Calculate hold down force for rotating shaft 1

[localhero]

I have a .850" diameter steel shaft that will have a torque of 125 ft-lbs put on it. I need to calculate how much down force I need to stop the shaft from rotating. I suppose we can assume that it will be steel on steel.

Going with a coefficient of friction of about .35 I tried to calculate with the typical CoF problem of a box and an incline, but I don't know how steep to make the incline.

How can I figure out how much force it will take to stop a .850" diameter shaft from rotating under a torque of 125 ft-lbs?
Thanks

 

[MintJulep]

Assuming that you can neglect shaft deflection. Which you can't. About 10,000 pounds

 

[desertfox]

Hi

Took a look at the attachment

“Do not worry about your problems with mathematics, I assure you mine are far greater.” Albert Einstein

 

[localhero]

Thanks.

 

[CostasV]

If you have 2, or better 3, contact points, the force is getting 2, or 3 times less, and you can eliminate shaft deflection issues.

 

[chicopee]

Desertfox, the direction of P1 that you scratched out was the correct direction, not that of P2.

 

[chicopee]

Localhero, can you explain that portion of your OP "... but I don't know how steep to make the incline."

 

[gruntguru]

A pipe wrench will amplify the force for you.

je suis charlie

 

[3DDave]

How am I missing this?

(125 ft-lbf *12 inches/ft) /.85 inches = 1764 lbf tangentially at the surface of the rod across the diameter of the rod.

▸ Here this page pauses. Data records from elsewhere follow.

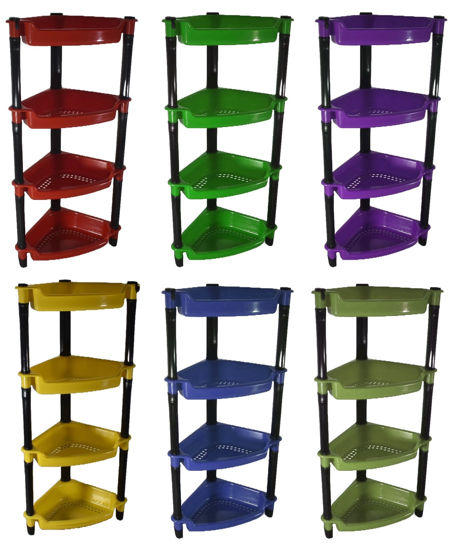 Foto de Verdurero Triangular 4 divisiones PlatiExport 1ORGTRI 36x24x80.5 cms (6)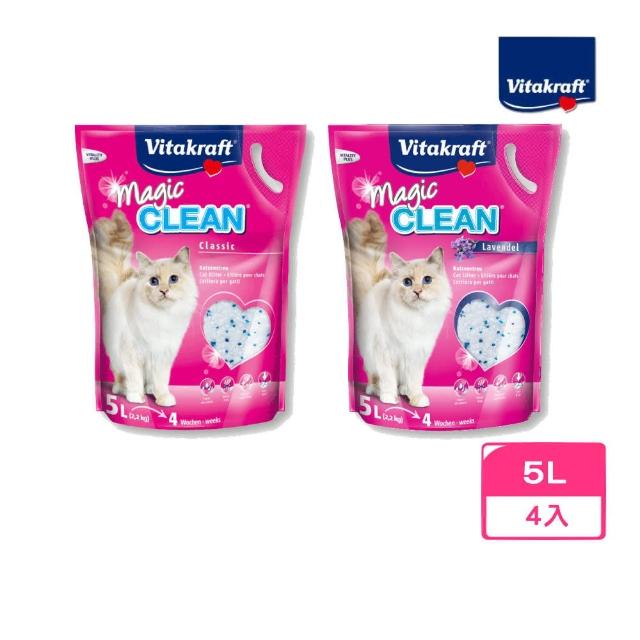 【德國Vitakraft】神奇抗菌水晶貓砂5L(4包組)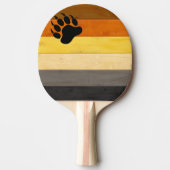 SlipperyJoe's Beer Pride flag houten vloer textuur Tafeltennisbatje (Voorkant)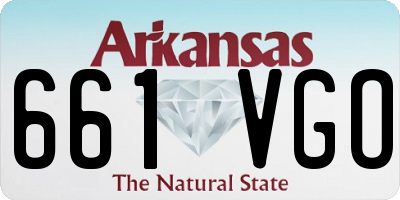 AR license plate 661VGO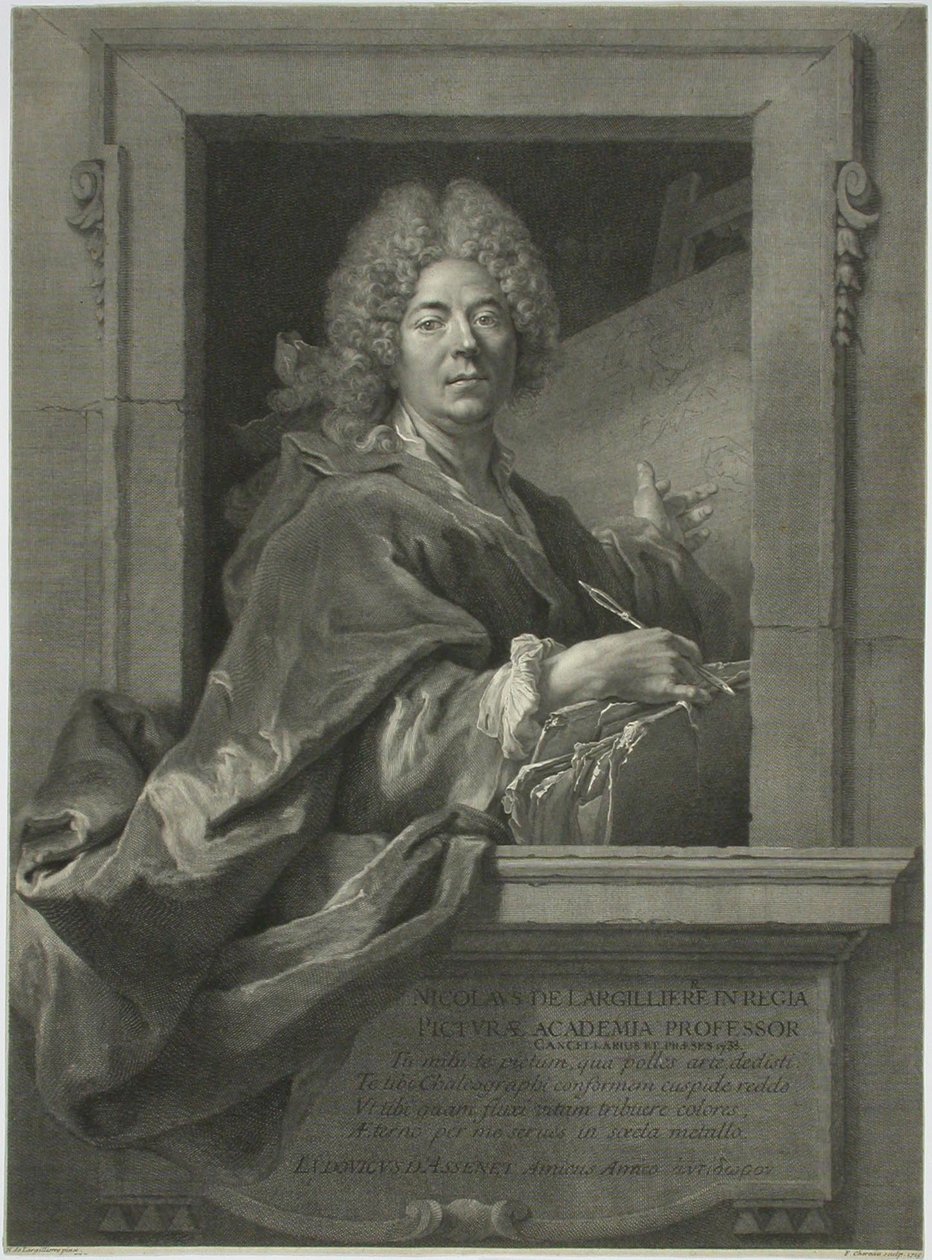 Nicolas de Largilliere od François Chereau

Since the rod is slippery at .35 CoF the Normal force required is 1764 lbf/.35 = ~ 5000 lbf.

It doesn't get multiplied by two because the moment applied at each contact spot relative to that spot is zero, with the torque resisted by the force *CoF * diameter at the location opposite each contact spot.

To be sure this is a simplification as it assumes the load is actually a couple, not a torque.

 

[MintJulep]

Since it's a poorly posed question different responders have different interpretations of the problem.

Regardless, the 0.85 inch dimension was stated as a diameter, and MUST be divided by 2 to get a radius.

If your interpretation of the problem involves the applied down force and an opposing reaction then go right ahead and multiply by 2.

 

[dvd]

Is it a holding force only, or is it also necessary to absorb all of the kinetic energy of the rotating system? Braking on a small shaft diameter may be problematic.

 

[3DDave]

If the bar was diamond (square on edge) and the distance was .85 across the corners, would that distance be divided by 2? Free body diagram shows two forces as a couple resolved into separate forces applied at opposite corners, each with a magnitude of torque required divided by distance of separation.

I'm going with this as the original question is related to down force, not uniform radial pressure.

 

[gruntguru]

3DDave, rotating shafts are usually supported by bearings. The OP speaks of "stopping" the shaft with a "down force".

je suis charlie

 

[3DDave]

The OP did not supply information to support either calculation. 10,000 pounds is a lot for a bearing on an .875 shaft to take, so there should be a back-up block on the opposite side of the load to prevent overloading the bearing or bending the shaft, which reduces the load to 5000 pounds and does not load the bearings (as much, depending on construction.)

 

[MikeHalloran]

Localhero, read up on a classical device called a 'prony brake'.
You will probably find useful equations in any text that includes an analysis.


Mike Halloran
Pembroke Pines, FL, USA

 

[gruntguru]

"The OP did not supply information to support either calculation."

In that case lets go straight to the pipe wrench. Self weight plus Torque/Length - say 50 lbs total?

je suis charlie